Am 9. Maerz haben die sudanesische Regierung und die SPLM/A einen
Aufbau- und Entwicklungsplan ueber nachhaltigen Frieden, Entwicklung und
Armutsbeseitigung veroeffentlicht. Dieser Plan basiert auf den
Ergebnissen der Gemeinsamen Bewertungsmission der UNO und der Weltbank,
die 7,8 Milliarden USD fuer die Finanzierung der ersten Stufe eines
Aufbau- und Entwicklungsplans fuer den Sudan nach dem Krieg veranschlagt
hat. Nach diesem Plan soll die internationale Gemeinschaft ersucht
werden, circa ein Drittel der insgesamt benoetigten Mittel
bereitzustellen. Die sudanesischen Verhandlungsparteien gaben an, dass
der groesste Teil des Eigenbeitrags aus inlaendischen Erdoelertraegen
stammen wird, aber einige leitende Vertreter des Suedens lehnten diesen
Vorschlag ab.

"Die Gelder koennen nicht nur aus den Erdoelgewinnen kommen, weil unsere
Beduerfnisse groesser sind als das, was das Oel hergibt", erklaert Kauc
Nak, Leiter des Bezirks Rumbek.

Laut Verwaltungskreisen des Suedens gibt es eine akute Knappheit an
Medikamenten, Wasser und Nahrungsmitteln. Die Lage in den Schulen sei
prekaer, da die SchuelerInnen jetzt, wo Frieden ist, aller Voraussicht
nach wieder in Scharen zur Schule gehen werden.

Sind Schulen unter Baeumen die beste Loesung?

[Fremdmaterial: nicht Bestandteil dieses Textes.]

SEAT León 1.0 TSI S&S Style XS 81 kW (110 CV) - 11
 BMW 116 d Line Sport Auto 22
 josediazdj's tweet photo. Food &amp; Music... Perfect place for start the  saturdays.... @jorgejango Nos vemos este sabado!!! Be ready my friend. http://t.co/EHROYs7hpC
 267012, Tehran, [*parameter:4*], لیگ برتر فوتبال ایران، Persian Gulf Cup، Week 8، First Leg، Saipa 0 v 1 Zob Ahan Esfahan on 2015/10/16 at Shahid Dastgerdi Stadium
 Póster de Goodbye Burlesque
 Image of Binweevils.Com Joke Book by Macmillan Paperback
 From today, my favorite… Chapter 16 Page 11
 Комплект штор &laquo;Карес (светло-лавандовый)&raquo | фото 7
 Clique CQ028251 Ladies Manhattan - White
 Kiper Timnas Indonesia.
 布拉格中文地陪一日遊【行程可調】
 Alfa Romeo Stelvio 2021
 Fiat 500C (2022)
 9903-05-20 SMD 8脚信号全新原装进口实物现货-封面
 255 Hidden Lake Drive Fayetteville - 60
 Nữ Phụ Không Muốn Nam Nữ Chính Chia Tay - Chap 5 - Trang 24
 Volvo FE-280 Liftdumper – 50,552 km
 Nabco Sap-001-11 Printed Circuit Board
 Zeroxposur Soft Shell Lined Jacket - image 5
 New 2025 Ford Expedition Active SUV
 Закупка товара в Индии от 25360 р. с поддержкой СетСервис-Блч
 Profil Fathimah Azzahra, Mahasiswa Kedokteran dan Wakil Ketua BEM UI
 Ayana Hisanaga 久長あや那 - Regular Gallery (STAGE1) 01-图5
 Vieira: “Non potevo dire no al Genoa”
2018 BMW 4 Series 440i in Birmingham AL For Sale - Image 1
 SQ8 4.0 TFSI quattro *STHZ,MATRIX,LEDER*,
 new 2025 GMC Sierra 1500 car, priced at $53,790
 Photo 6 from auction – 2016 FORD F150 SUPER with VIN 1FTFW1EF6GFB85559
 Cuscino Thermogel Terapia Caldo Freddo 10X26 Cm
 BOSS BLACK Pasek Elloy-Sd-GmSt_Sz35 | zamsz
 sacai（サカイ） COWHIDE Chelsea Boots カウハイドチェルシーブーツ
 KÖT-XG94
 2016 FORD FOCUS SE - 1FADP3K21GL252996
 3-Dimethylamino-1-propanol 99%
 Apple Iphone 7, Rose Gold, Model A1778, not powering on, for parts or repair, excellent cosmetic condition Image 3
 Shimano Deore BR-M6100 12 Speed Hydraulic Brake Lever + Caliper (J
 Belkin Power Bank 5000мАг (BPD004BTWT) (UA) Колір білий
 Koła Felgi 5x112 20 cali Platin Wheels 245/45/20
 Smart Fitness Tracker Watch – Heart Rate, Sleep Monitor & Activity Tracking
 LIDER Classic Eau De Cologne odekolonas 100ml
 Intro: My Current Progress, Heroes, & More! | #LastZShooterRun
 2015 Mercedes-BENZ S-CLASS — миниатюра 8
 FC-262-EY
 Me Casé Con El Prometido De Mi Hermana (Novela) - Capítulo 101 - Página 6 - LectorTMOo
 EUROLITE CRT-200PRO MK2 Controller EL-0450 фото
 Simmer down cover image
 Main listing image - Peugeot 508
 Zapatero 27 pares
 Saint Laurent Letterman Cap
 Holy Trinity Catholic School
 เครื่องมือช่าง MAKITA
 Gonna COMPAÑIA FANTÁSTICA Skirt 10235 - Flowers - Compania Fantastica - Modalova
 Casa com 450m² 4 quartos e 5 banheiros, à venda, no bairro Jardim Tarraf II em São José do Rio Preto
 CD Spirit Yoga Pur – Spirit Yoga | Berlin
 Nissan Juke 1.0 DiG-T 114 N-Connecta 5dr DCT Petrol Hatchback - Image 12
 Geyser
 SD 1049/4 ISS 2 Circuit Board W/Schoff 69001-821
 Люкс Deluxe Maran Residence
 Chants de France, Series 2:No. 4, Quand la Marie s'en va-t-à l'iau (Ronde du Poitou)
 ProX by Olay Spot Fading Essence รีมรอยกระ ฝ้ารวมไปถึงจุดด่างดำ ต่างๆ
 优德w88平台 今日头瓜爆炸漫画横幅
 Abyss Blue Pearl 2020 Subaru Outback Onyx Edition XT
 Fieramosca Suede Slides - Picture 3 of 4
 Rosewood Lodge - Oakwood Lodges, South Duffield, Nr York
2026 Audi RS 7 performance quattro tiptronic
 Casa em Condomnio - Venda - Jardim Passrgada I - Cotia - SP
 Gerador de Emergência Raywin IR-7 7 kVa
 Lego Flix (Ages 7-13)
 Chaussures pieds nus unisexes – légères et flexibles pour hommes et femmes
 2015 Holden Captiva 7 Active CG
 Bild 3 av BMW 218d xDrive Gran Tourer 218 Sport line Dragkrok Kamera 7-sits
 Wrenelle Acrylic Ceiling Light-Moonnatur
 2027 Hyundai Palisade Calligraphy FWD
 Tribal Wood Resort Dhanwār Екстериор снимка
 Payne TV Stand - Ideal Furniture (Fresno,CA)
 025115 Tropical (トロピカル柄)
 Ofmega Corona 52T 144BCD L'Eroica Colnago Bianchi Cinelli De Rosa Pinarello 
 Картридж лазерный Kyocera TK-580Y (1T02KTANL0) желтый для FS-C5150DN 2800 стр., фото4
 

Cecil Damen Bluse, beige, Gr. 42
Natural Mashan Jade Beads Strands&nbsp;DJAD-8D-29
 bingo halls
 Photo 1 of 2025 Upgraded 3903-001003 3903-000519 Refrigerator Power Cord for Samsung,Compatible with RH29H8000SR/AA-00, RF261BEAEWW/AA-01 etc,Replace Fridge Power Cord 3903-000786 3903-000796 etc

"Das Gute ist, dass diese Schulen unter Baeumen sind, daher koennen sie
moeglichst viele Kinder aufnehmen." Aber "ist das wirklich das Beste?",
fragt Nak.

Muyek Makoi, Lehrer an der weiterfuehrenden Schule in Rumbek, macht sich
dazu seine eigenen Gedanken. "Hier ist es normalerweise sehr windig und
Sie werden sich vorstellen koennen, wie sehr die Kinder darunter
leiden", sagt er.

Nak wird kategorisch: der Suedsudan koenne ueber Entwicklung nicht
einmal reden, bevor er nicht die dringendsten Beduerfnisse der Menschen
erfuellt habe. "Hier geht es um die Bereitstellung des Notwendigsten.
Uns fehlt es an allem. Da kann ich mir nicht vorstellen, dass
irgendjemand beschliessen wuerde, Krieg zu fuehren", meint er.

Nach Angaben der Kommunalverwaltung ist jeder dritte Fall, der im
Krankenhaus in Rumbek wegen Verletzungen behandelt wird, auf
gewalttaetige Auseinandersetzungen um Wasser zurueckzufuehren.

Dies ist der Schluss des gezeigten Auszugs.